====== Material for the task
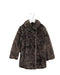 A Brown Coats from Lili Gaufrette in size 6T for girl. (Front View)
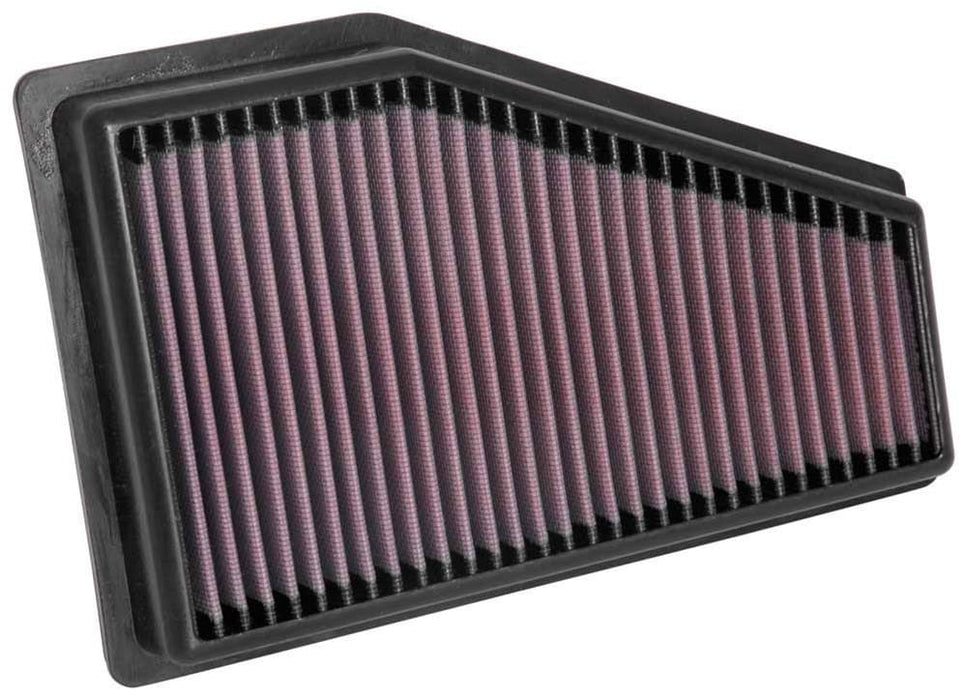 K&N Fits 2019-2020 Jeep Cherokee 2.4L L4 & 3.2L V6 Petrol - KN33-5089 K&N Replacement Panel Filter KN33-5089 Autofit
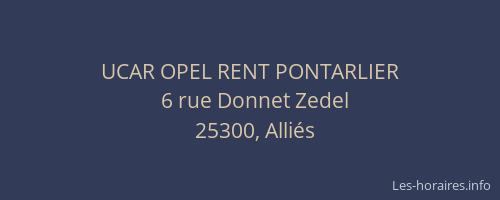 UCAR OPEL RENT PONTARLIER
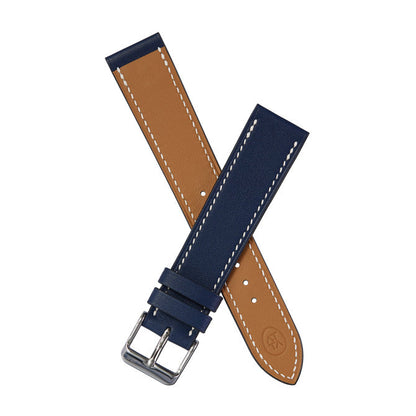 SWIFT Calfskin Watch Strap-Aura Bleu Abysse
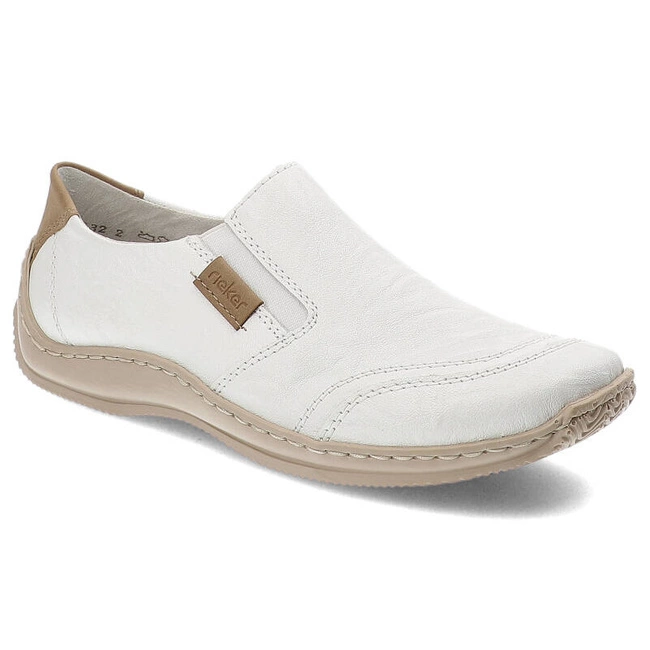 Poltopánky Rieker - L1755-80 White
============
> Task
The records above must be copied exactly, with no pictures carried over.

> Response to the exercise
 A Brown Coats from Lili Gaufrette in size 6T for girl. (Front View)
 K&N Fits 2019-2020 Jeep Cherokee 2.4L L4 & 3.2L V6 Petrol - KN33-5089 K&N Replacement Panel Filter KN33-5089 Autofit
 UCAR OPEL RENT PONTARLIER
 SWIFT Calfskin Watch Strap-Aura Bleu Abysse
 Poltopánky Rieker - L1755-80 White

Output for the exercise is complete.